All in all, it makes Chase miss House. If House caught Chase stuck on a doorstop, he'd laugh for a while, make ten stupid jokes, and then kick the doorstop out from under his wheel. Cameron, on the other hand, asks Chase five times if he's all right, and Chase has to patiently explain that he's fine, really, he's just having a bit of trouble with this doorstop, and then Cameron apologizes seven times, swears she'll talk to Cuddy about making sure the hospital is truly accessible. There's a pause, a catch in her voice before she says "accessible," and he can feel the silent "handicapped" even though Cameron is extra vigilant not to say it. It's as though she's trying not to mention it for fear of bringing back painful memories, which is ridiculous, because it's not as though he ever *forgets*.
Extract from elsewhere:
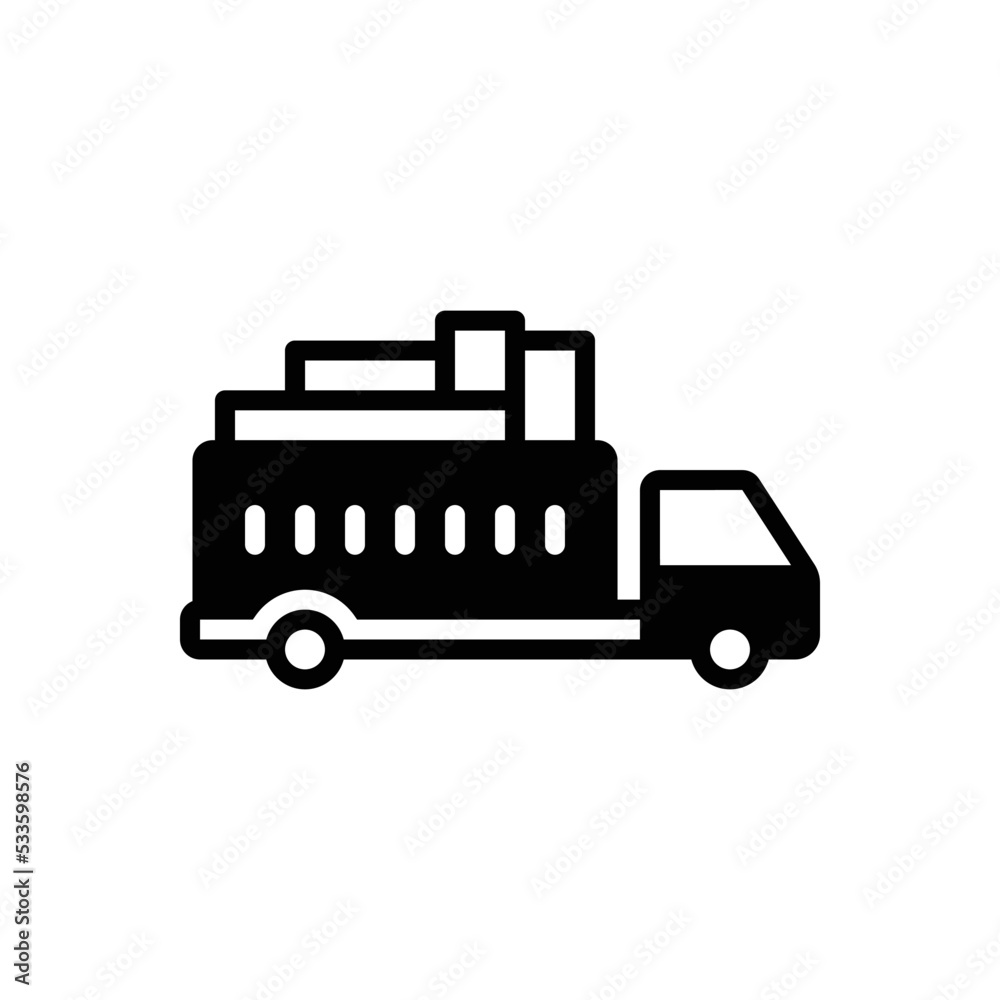 Black solid icon for weighted Black solid icon for weighted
In contrast to Cameron's sensitivity, at House's apartment, Chase regularly gets wedged between the end table and the doorway, and he suspects that House actively moves his furniture around to create obstacle courses. House calls him a paralyzed cripple about five times a day, which is only half the quantity of times House calls him a prettyboy coward or an alcoholic-wannabe sissy.

Anyway, Chase doesn't really resume going to work. He gets tired now after only a few hours of sitting, which doesn't make sense to him but that's how it is. Half of the time he's had a bad night and hauling himself from the chair to the toilet is the project for the entire morning, forget showering and trying to get dressed. About once a week he manages to hang out in the office and contribute some ideas, or he stares through microscopes in the lab. House acts as though it would be beneath him to take regular attendance of his underlings, though he obviously knows Chase's schedule, and Chase's efforts seem to be enough for Cuddy, who continues to pay him. She wouldn't have to. It's not as though he needs the money, since he's currently living as House's kept boy, and he has disability insurance which should kick in. Periodically he thinks he should look into it to make sure he's getting what he's due, but it rarely seems worth the hassle.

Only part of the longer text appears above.